Bernanke: Challenges for the Economy and State Governments

by Calculated Risk on 8/02/2010 10:18:00 AM

From Fed Chairman Ben Bernanke: Challenges for the Economy and State Governments

On the economy:

While the support to economic activity from stimulative fiscal policies and firms' restocking of their inventories will diminish over time, rising demand from households and businesses should help sustain growth. In particular, in the household sector, growth in real consumer spending seems likely to pick up in coming quarters from its recent modest pace, supported by gains in income and improving credit conditions. In the business sector, investment in equipment and software has been increasing rapidly, in part as a result of the deferral of capital outlays during the downturn and the need of many businesses to replace aging equipment. At the same time, rising U.S. exports, reflecting the expansion of the global economy and the recovery of world trade, have helped foster growth in the U.S. manufacturing sector.
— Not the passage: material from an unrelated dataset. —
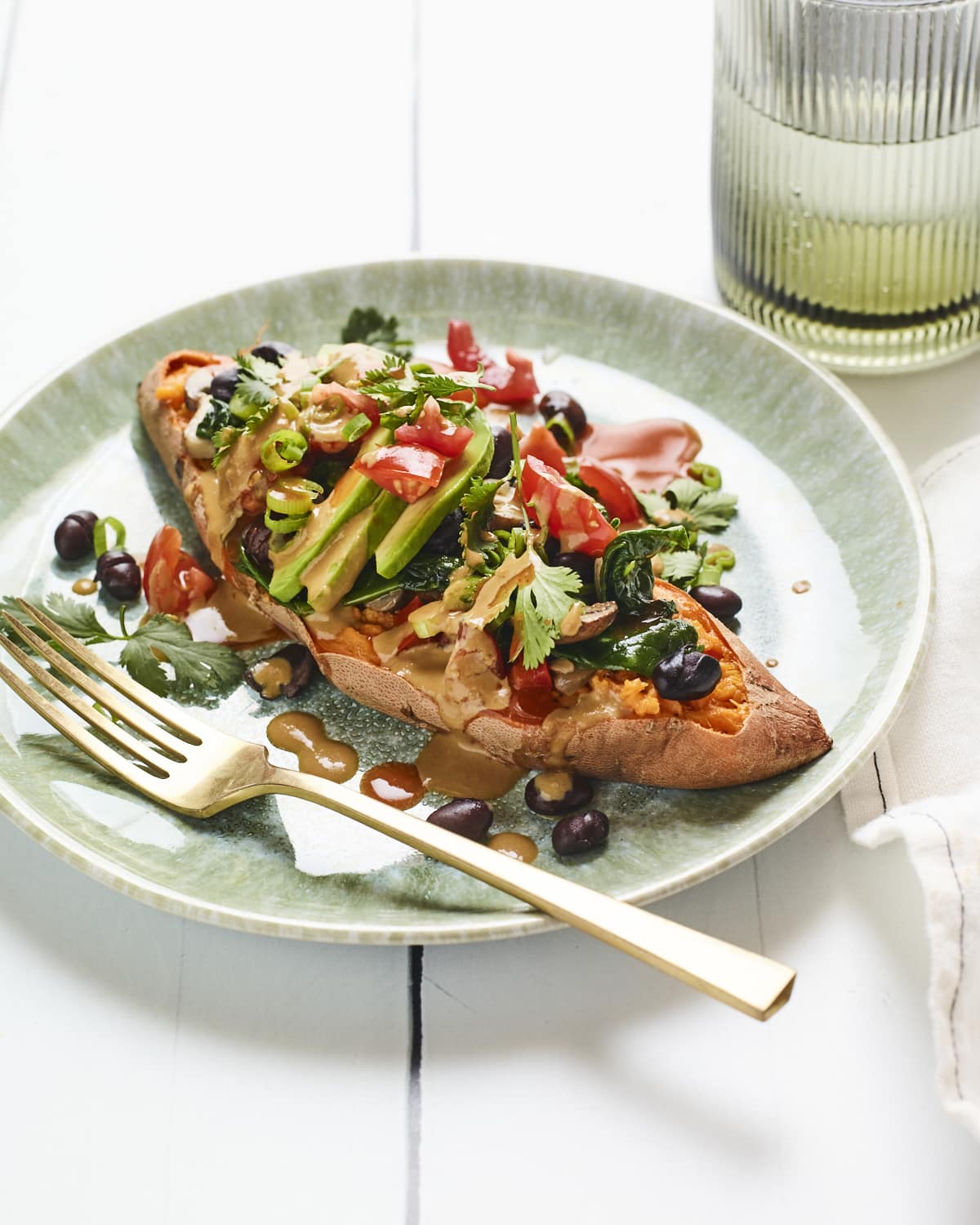 Black bean stuffed sweet potato on a plate and drizzled with tahini sauce.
To be sure, notable restraints on the recovery persist. The housing market has remained weak, with the overhang of vacant or foreclosed houses weighing on home prices and new construction. Similarly, poor economic fundamentals and tight credit are holding back investment in nonresidential structures, such as office buildings, hotels, and shopping malls.

Importantly, the slow recovery in the labor market and the attendant uncertainty about job prospects are weighing on household confidence and spending. After two years of job losses, private payrolls expanded at an average of about 100,000 per month during the first half of this year, an improvement but still a pace insufficient to reduce the unemployment rate materially. In all likelihood, significant time will be required to restore the nearly 8-1/2 million jobs that were lost over 2008 and 2009. Moreover, nearly half of the unemployed have been out of work for longer than six months.
On state and local governments:
Cuts in state and local programs and employment are also weighing on economic activity. These cuts principally reflect the historically large decreases in state tax revenues during the recession. Sales tax revenues have declined with household and business spending, and income tax revenues have been hit by drops in wages and salaries, capital gains, and corporate profits. In contrast, property tax revenues collected by local governments generally held up well through the beginning of this year, although reappraisals of the values of homes and commercial properties may affect those collections in the future.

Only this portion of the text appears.